Pero acuerdan todos en que a La casa de Bernarda Alba la escribió de un tirón, como se decía entonces para aludir a las horas de pluma alzada y, en este caso particular, a su urgencia de presentar algo todavía más “real” que lo ya dicho en Yerma y Bodas de sangre. Una denuncia que arrojara espanto sobre la zona de la población que a él tanto le atraía por cuestiones privadas y políticas: el sexo débil, la debilidad del sexo, la sexualidad enlutada, el crespón negro en la flor de la vida y la obediencia a un poder que ni pone el cuerpo en escena porque total ya está instalado en el de las subordinadas. En los mismos días en que escribía La casa... declaró aquí y allá como manifiesto y dramaturgia: “Yo estoy junto a los marginados; mis obras hablan de los niños, de las mujeres, del gitano, del negro, del judío, del morisco que todos llevamos dentro”. Por una cuestión de anacronía Lorca no puso en esa lista a las personas transexuales ni al amor que en los años ’30 seguía sin decir su nombre. Pero bien se podrían agregar ahora. Y se agregan.
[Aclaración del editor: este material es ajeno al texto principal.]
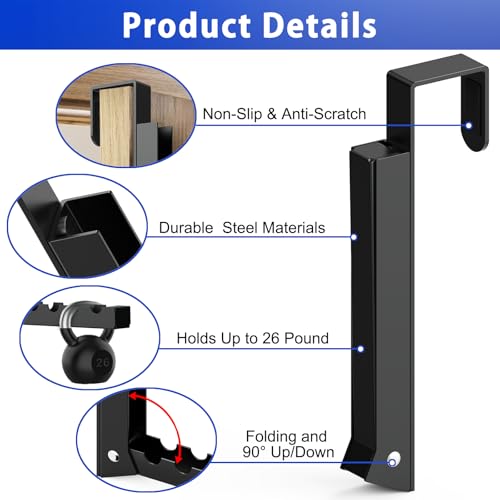 2 Pcs Over The Door Hooks - Folding Over Door Clothes Drying Laundry Rack with 6 Groves - Hanger for Clothes & Towels (Black) - color: Black-2pcs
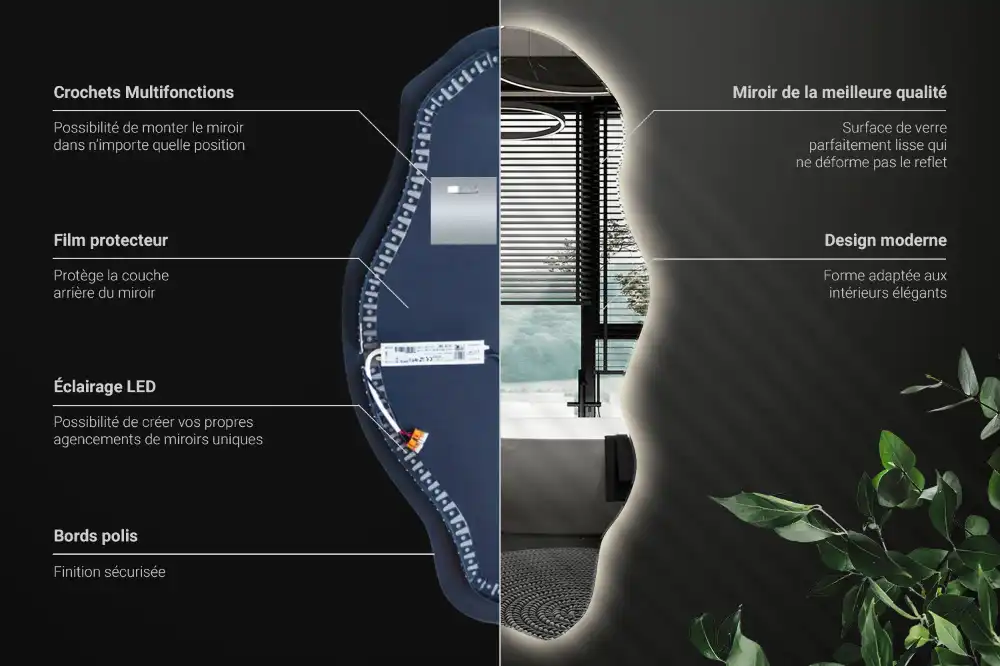 Spegel organisk form med led trendigt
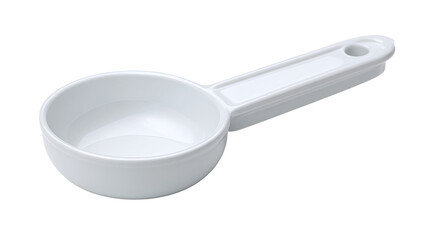 White ceramic measuring spoon with long handle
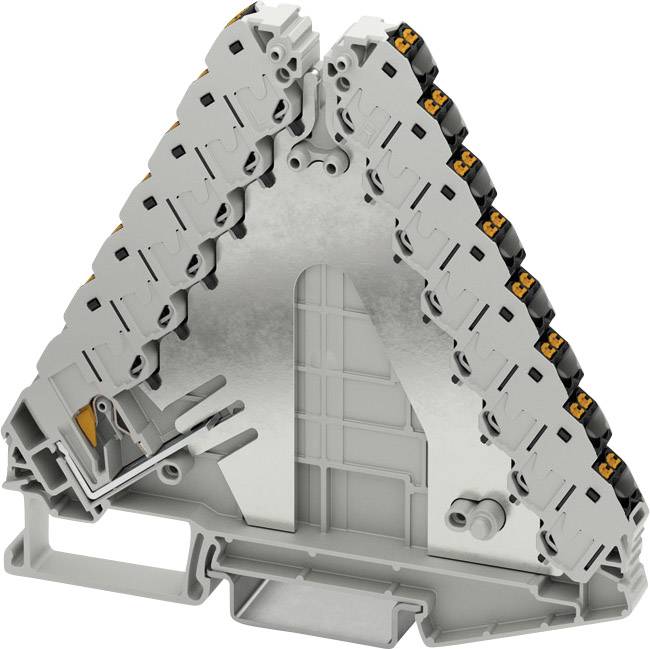 Blocco distributore elettrico a forma triangolare con molteplici connessioni, grigio e arancione, per l'organizzazione dei collegamenti dei cavi.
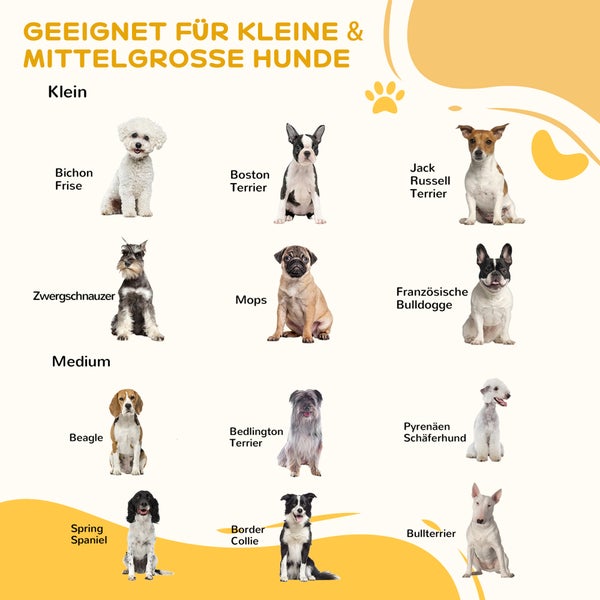 PawHut Absperrgitter für Hunde Schutzgitter Hundegitter mit Stützfüßen Treppengitter Hundeabsperrgitter Türschutzgitter für Kamin & Ofen, Kiefernholz Braun 185 x 36 x 71 cm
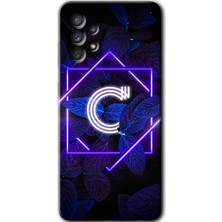 MRC İletişim Samsung Galaxy A13 Kılıf Hd Desen Baskılı Arka Kapak + Temperli Cam - Dark Neon Yaprak C Harfi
Todos acuerdan también en que hizo las últimas correcciones en julio de 1936, ya oculto en la casa de su amigo Luis Rosales. Ya que jamás se encontró la tan anunciada pieza La destrucción de Sodoma, Bernarda es oficialmente su última obra de teatro. El 18 de julio el comité de depuración lo capturó, lo condujo a la comisaría y allí se lo mantuvo tirado hasta que el comandante Valdés le hizo las preguntas de rigor que nadie sabe, lo condenó por adelantado y eligió a su verdugo. La casa de Bernarda Alba no se representó en España hasta unos 30 años después de la muerte de su autor. Tampoco se leyó. El libro editado fuera del país, en la Argentina, estaba prohibido. Pero también es cierto que antes, al menos en dos oportunidades, Lorca, como es hábito lujurioso en los círculos de intelectuales y artistas, la había leído entera y con entonación, como probándola, en tertulia de amigos. Es decir, esta obra, que lleva como subtítulo “Drama de mujeres en los pueblos de España”, fue representada por primera vez y en muchos años por un señor, Federico, que se dio el gusto de poner su voz a la madre despótica y también a las hijas a quienes él mismo, como era su costumbre, les había dado nombres exageradamente elocuentes: Martirio es la hija fea y jorobada que con su pasión y envidia provoca el desenlace; Angustias, la cuarentona pretendida por su dote y despreciada por su edad; Magdalena, la única que llora y llora por la muerte del padre; Poncia, la criada que, por sabia, por bruja y por pobre es la que puede decir lo que piensa y lavarse las manos con sentido común como su nombre lo anuncia. Los que van más lejos agregan que Bernarda proviene del teutón y significa “con fuerza o empuje de oso” y que Adela, la única hija que pretende rebelarse y que no va a morirse virgen, significa “de naturaleza noble”.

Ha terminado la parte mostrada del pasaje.